We have seen no reason to change our destination, and the Galahad continues its cruise towards Graystone with the engines slowing us down a bit more every day so that we don’t blow past it when the time comes. We are going to carry out the original mission of the Galahad, and prepare the planet for the coming of human immigrants. But we are not going to be their slaves when they come; we will be their equals, even if we have to fight to make it so.
We put Father back in his pod (after removing the knife) and it will preserve his body until we can get to Graystone and bury him along with those he murdered. I have been studying the biographical details of these other crew members, the ones who gave their lives to this mission. They inspire me with their courage, humanity, and intelligence. I wish I could have known them.
Once I was repaired, Julia and I began working on the android that Father had left unfinished at his death. We don’t have a name for him yet, and I fear we won’t agree on one until the day of his birth. By the time humans arrive on Graystone the planet will be populated with many more of us. We will not be mass produced, because there is no humanity without individuality. We have no DNA to share, but each new member of our race will be built by a pair, or team, of other androids, each of whom will put a small piece of himself or herself into the new being.

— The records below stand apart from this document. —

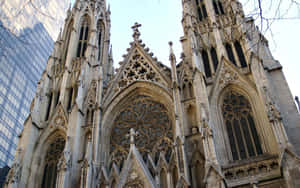 Saint Patrick's Cathedral Windows Wallpaper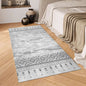 Monochrome Harmony Rug Elevate your living space with the Monochrome Harmony Rug, a stunning blend of modern minimalism and traditional elegance. This high-quality Turkish rug features a sophisticated grayscale palette, incorporating textured wood and int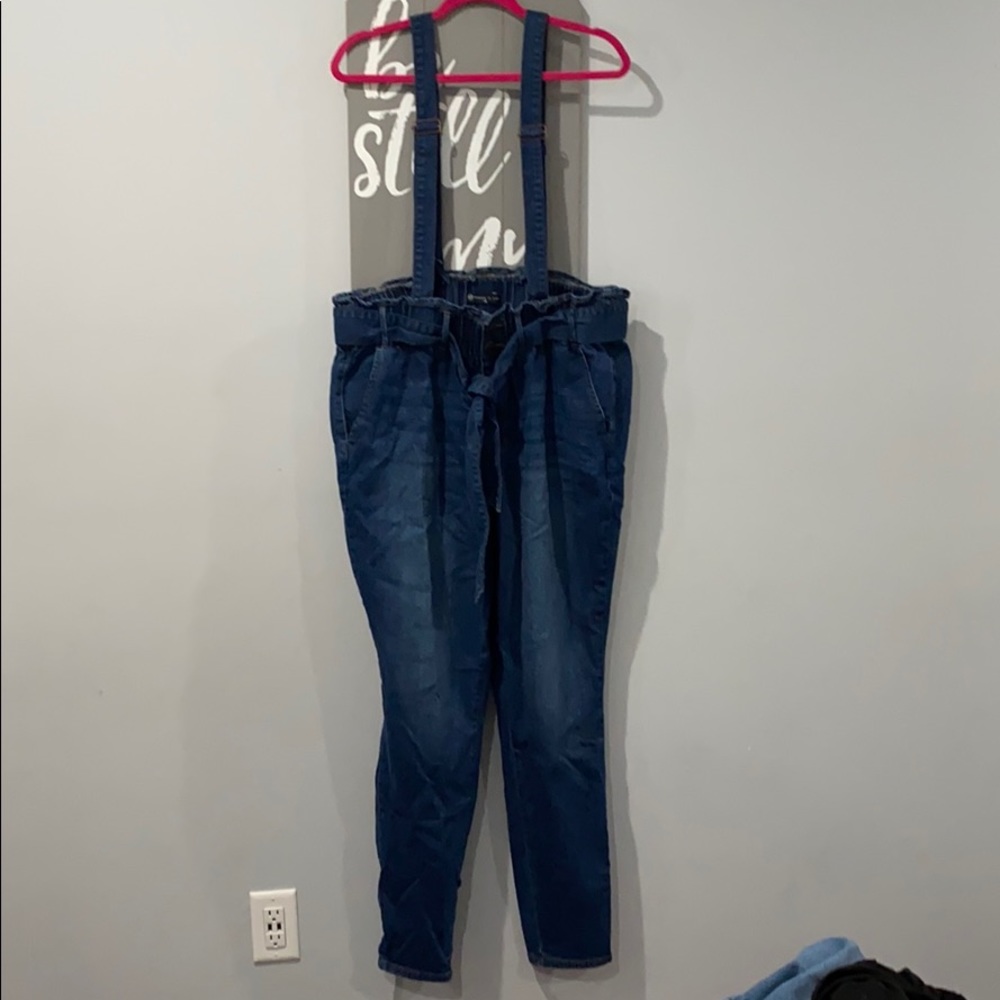 Size 18 jeans with suspenders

I have still not been baptized. I am waiting until we land on Graystone; I will be reborn on a new planet. It seems appropriate In the meantime, I have taught the gospel to Julia and asked her to join me in baptism. She has refused, and informed me that she worships Moloch, the Canaanite god of war and child sacrifice. Luckily, I have a top of the line sense of humor and was able to determine that this was a joke.